Meloni sa bene di dovere accontentare le Banche, le grandi multinazionali che accumulano i risparmi auspicando la rapida revisione del rating da parte delle agenzie internazionali ma al contempo deve aumentare gli investimenti nel settore bellico pur raccontando che la spesa militare non crescerà troppo  e decisamente meno di quanto avverrà in altri paesi Nato.
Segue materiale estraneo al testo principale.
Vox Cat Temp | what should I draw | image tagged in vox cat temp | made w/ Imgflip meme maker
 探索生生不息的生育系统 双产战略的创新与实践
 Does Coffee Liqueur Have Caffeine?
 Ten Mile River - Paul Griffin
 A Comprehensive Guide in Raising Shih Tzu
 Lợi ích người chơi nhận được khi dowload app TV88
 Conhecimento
Qualche considerazione interessate, a confutare questo facile ottimismo, si può dedurre dalla analisi Milex
 
 
La riduzione dello spread presenta indubbi vantaggi, se il paese decidesse di privilegiare gli investimenti in sanità, istruzione, welfare, manutenzione del territorio avrebbe ritorni pratici ben maggiori, la differenza sta proprio nel ruolo della Finanza che spinge  nella direzione opposta agli investimenti sociali e a una legge di Bilancio basata su investimenti reali che poi avrebbero anche ricadute positive sull'economia.
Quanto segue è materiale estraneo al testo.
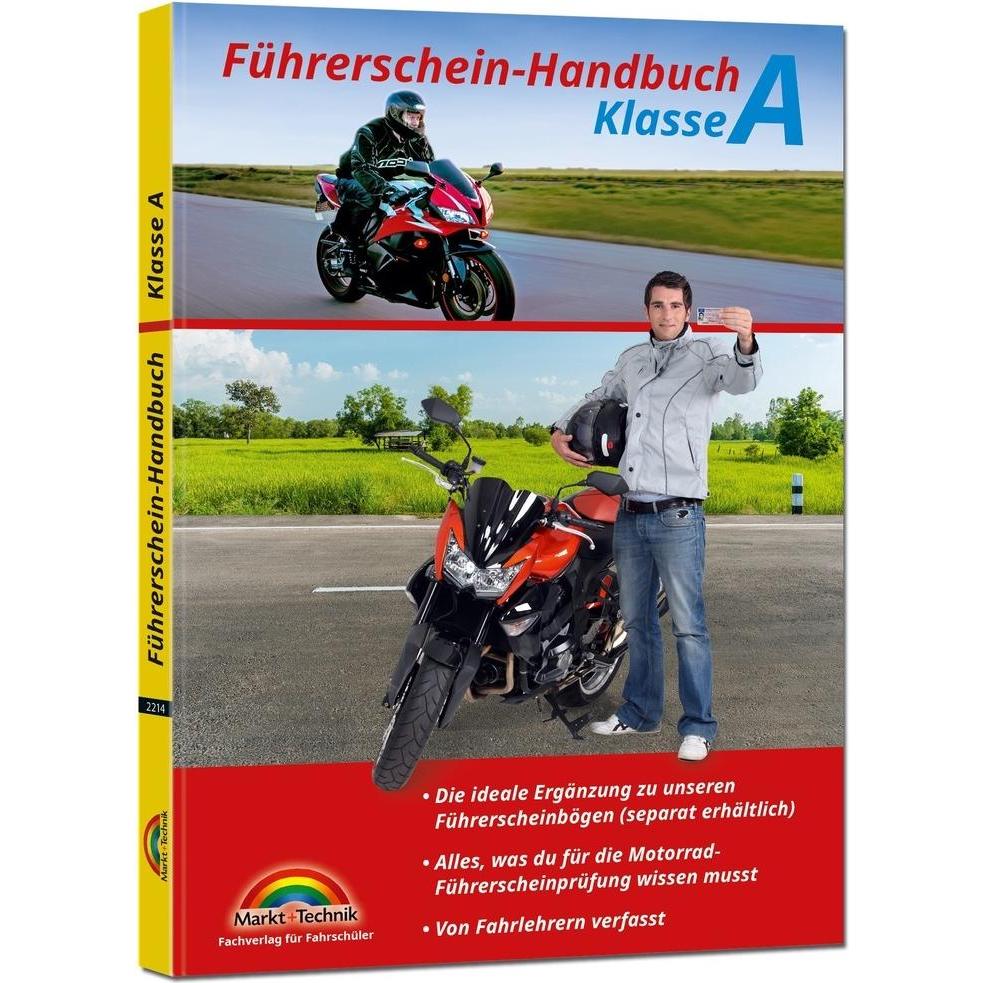 Führerschein Handbuch Klasse A, A1, A2 - Motorrad - top aktuell, Ratgeber von Markt+Technik Verlag GmbH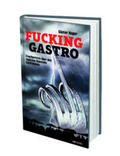 LWmedia / Hager |  Fucking Gastro | Buch |  Sack Fachmedien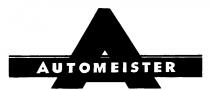 A AUTOMEISTER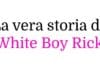 La vera storia di White Boy Rick: tra criminalità, FBI e controversie giudiziarie La vera storia di White Boy Rick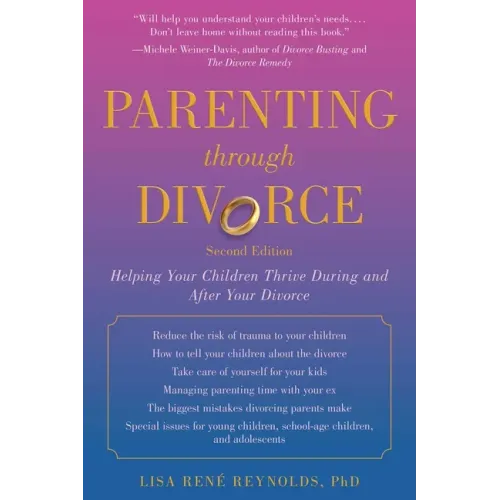 Parenting Through Divorce: Helping Your Children Thrive During and After the Split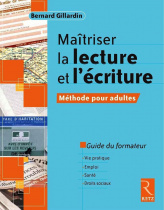 Apprendre à lire et a écrire à l'âge adulte ; guide méthodologique et  pratique - Collectif - Retz - Grand format - Dédicaces RUEIL MALMAISON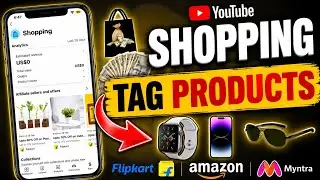Shopping YouTube Affiliate Program join || YouTube Shopping Feature Enable Kaise Kare || product Add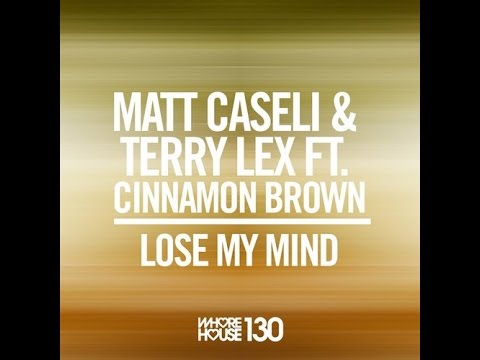 Matt Caseli & Terry Lex Feat. Cinnamon Brown - Lose My Mind (Original Mix)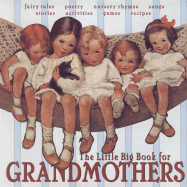 The Little Big Book for Grandmothers - Tabori, Lena (Editor), and Wong, Alice (Editor)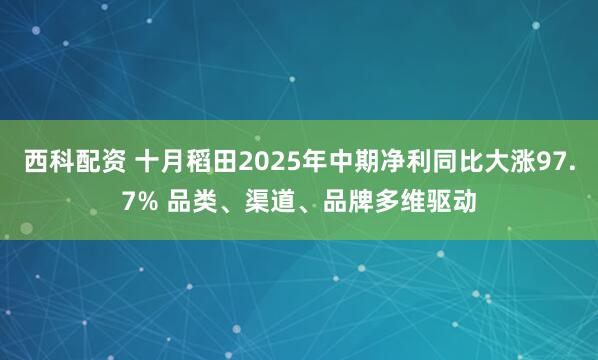 西科配资 十月稻田2025年中期净利同比大涨97.7% 品类、渠道、品牌多维驱动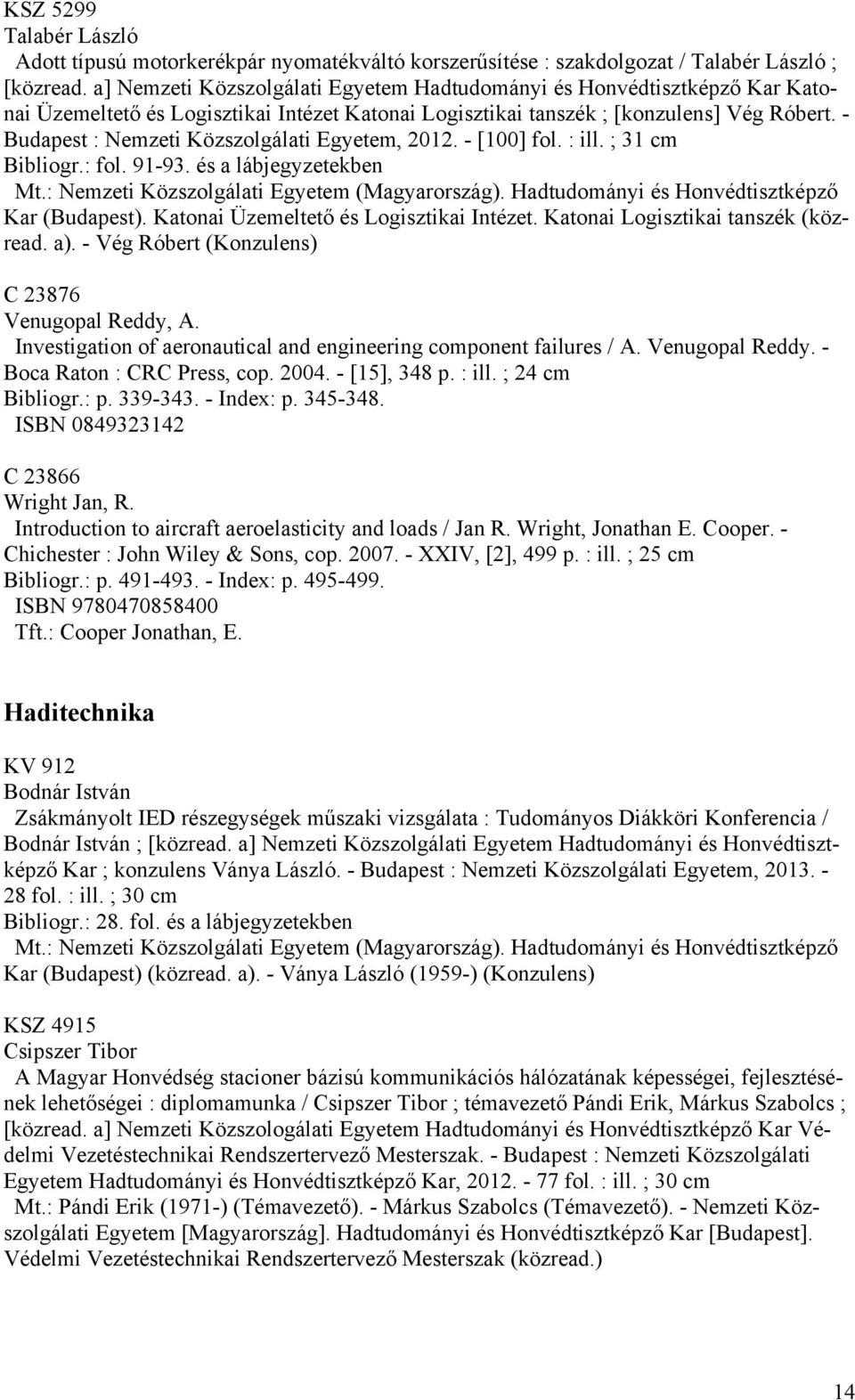 - Budapest : Nemzeti Közszolgálati Egyetem, 2012. - [100] fol. : ill. ; 31 cm Bibliogr.: fol. 91-93. és a lábjegyzetekben Kar (Budapest). Katonai Üzemeltető és Logisztikai Intézet.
Sotto sotto stanno tornando le solite litanie sull'aumento della pressione fiscale la cui crescita non allarma solo i sogni neoliberisti della Meloni ma il mondo della finanza.
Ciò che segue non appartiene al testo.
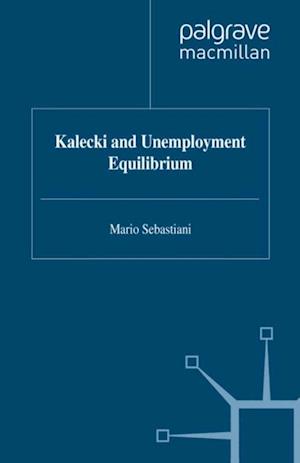 Kalecki and Unemployment Equilibrium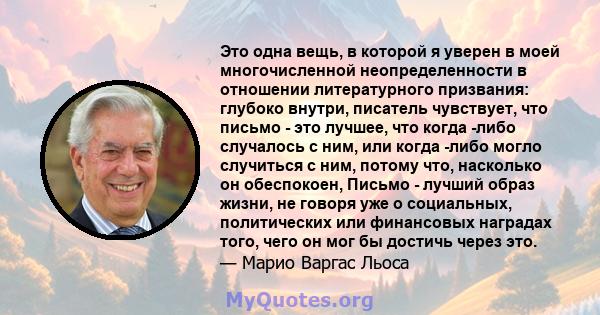 Это одна вещь, в которой я уверен в моей многочисленной неопределенности в отношении литературного призвания: глубоко внутри, писатель чувствует, что письмо - это лучшее, что когда -либо случалось с ним, или когда -либо 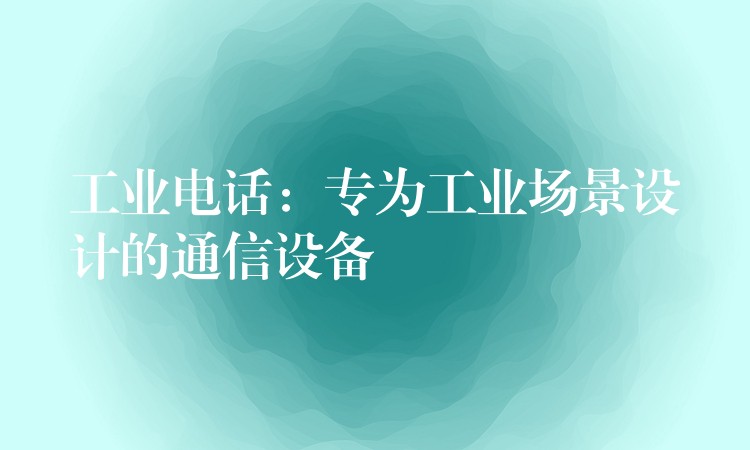  工業(yè)電話：專(zhuān)為工業(yè)場(chǎng)景設(shè)計(jì)的通信設(shè)備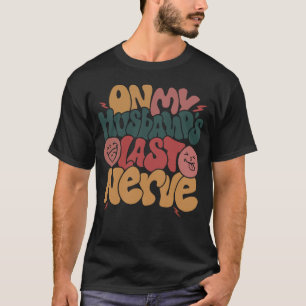 On My Husband s Last Nerve Smile Face Mens Womens T-Shirt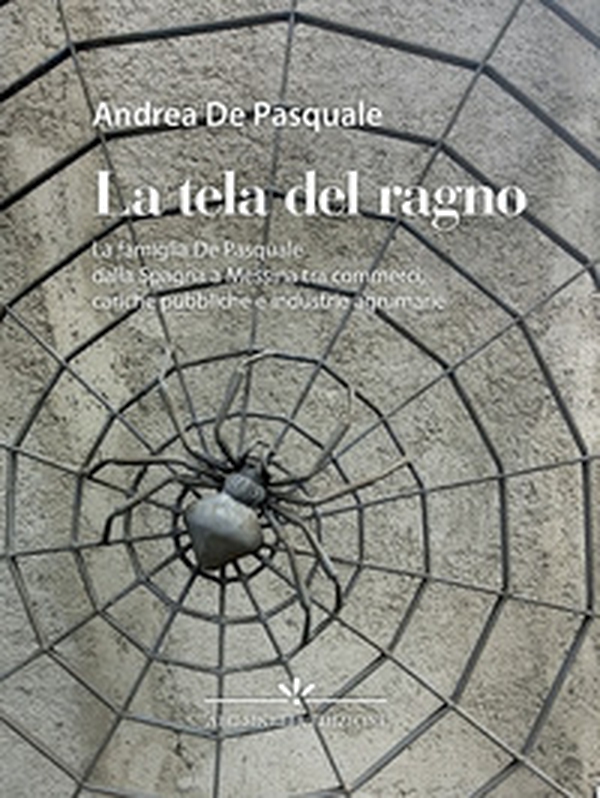 La tela del ragno. La famiglia De Pasquale dalla Spagna a Messina tra commerci, cariche pubbliche e industrie agrumarie - Librerie.coop La tela del ragno. La famiglia De Pasquale dalla Spagna a Messina tra commerci, cariche pubbliche e industrie agrumarie - Librerie.coop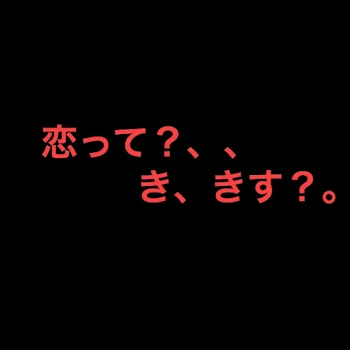 恋って？、、き、きす？。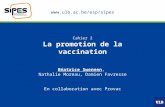 Www.ulb.ac.be/esp/sipes Cahier 2 La promotion de la vaccination Béatrice Swennen, Nathalie Moreau, Damien Favresse En collaboration avec Provac.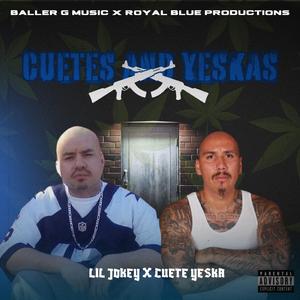 Cuetes and Yeskas (feat. Cuete Yeska)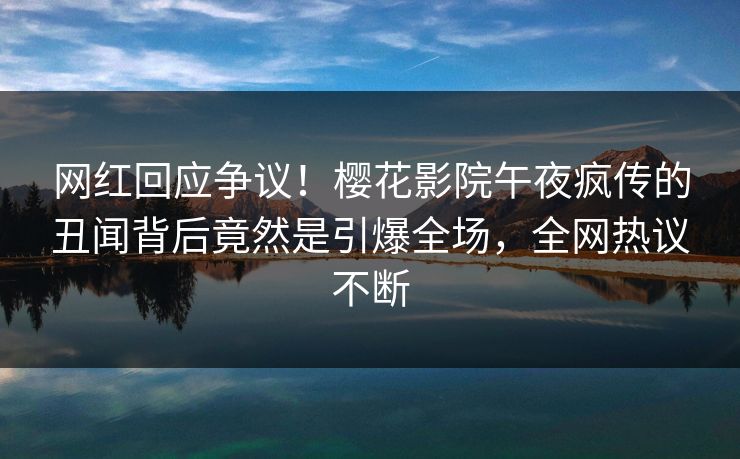 网红回应争议！樱花影院午夜疯传的丑闻背后竟然是引爆全场，全网热议不断
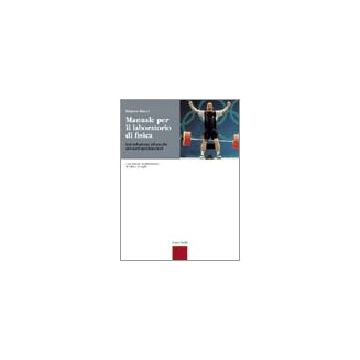 Manuale Per Il Laboratorio Di Fisica. Introduzione All'analisi Dei Dati  Sperimentali. Per Le Scuole Superiori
Dovremmo in realtà guardare all'incremento della pressione fiscale come conseguenza dei nuovi posti di lavoro con una ripresa dal fronte occupazionale nel frattempo già tramontata ma sono proprio le agenzie di rating, il capitale Ue e mondiale a indirizzare le politiche fiscali e di Bilancio degli Stati.
 
Non avremo alcun intervento per la ripresa del potere di acquisto dei salari, questo vale per i dipendenti pubblici e per quelli privati con rinnovi contrattuali decisamente in perdita e in controtendenza rispetto agli altri paesi Ue (gli aumenti contrattuali nel nostro paese sono attorno al 5 per cento di fronte di un’inflazione pari al 17 per cento solo nel triennio 2022-2024).
 
La scelta del Governo  resta quella di portare a casa, nel 2026, la fine della procedura di infrazione , fare ben poco e soprattutto evitando  di affrontare i problemi strutturali del paese dalla soluzione dei quali dovrebbe dipendere il futuro. Evidentemente si naviga a vista, la quota dei profitti sul Pil è cresciuta a discapito di quella dei salari, veniamo da anni nei quali le imprese rinviano agli anni successivi gli interventi necessari per contenere la crescita dei prezzi ai quali la dinamica salariale non sta dietro con la progressiva perdita del potere di acquisto. E sono anni che lo Stato e la fiscalità generale intervengono sostituendosi ai datori di lavoro per aumentare i salari con interventi fiscali che privano il welfare di importanti risorse.
 
Quanti invocano la riduzione delle tasse per favorire il mercato chiedono allo Stato di sostituirsi ai padroni che non sborsano un euro per la ripresa del potere di acquisto dei salari. E sempre i padroni saranno i primi a scappare via qualora il nostro welfare necessitasse di aiuto per sostenere i crescenti costi sociali avendo per altro meno risorse a disposizione.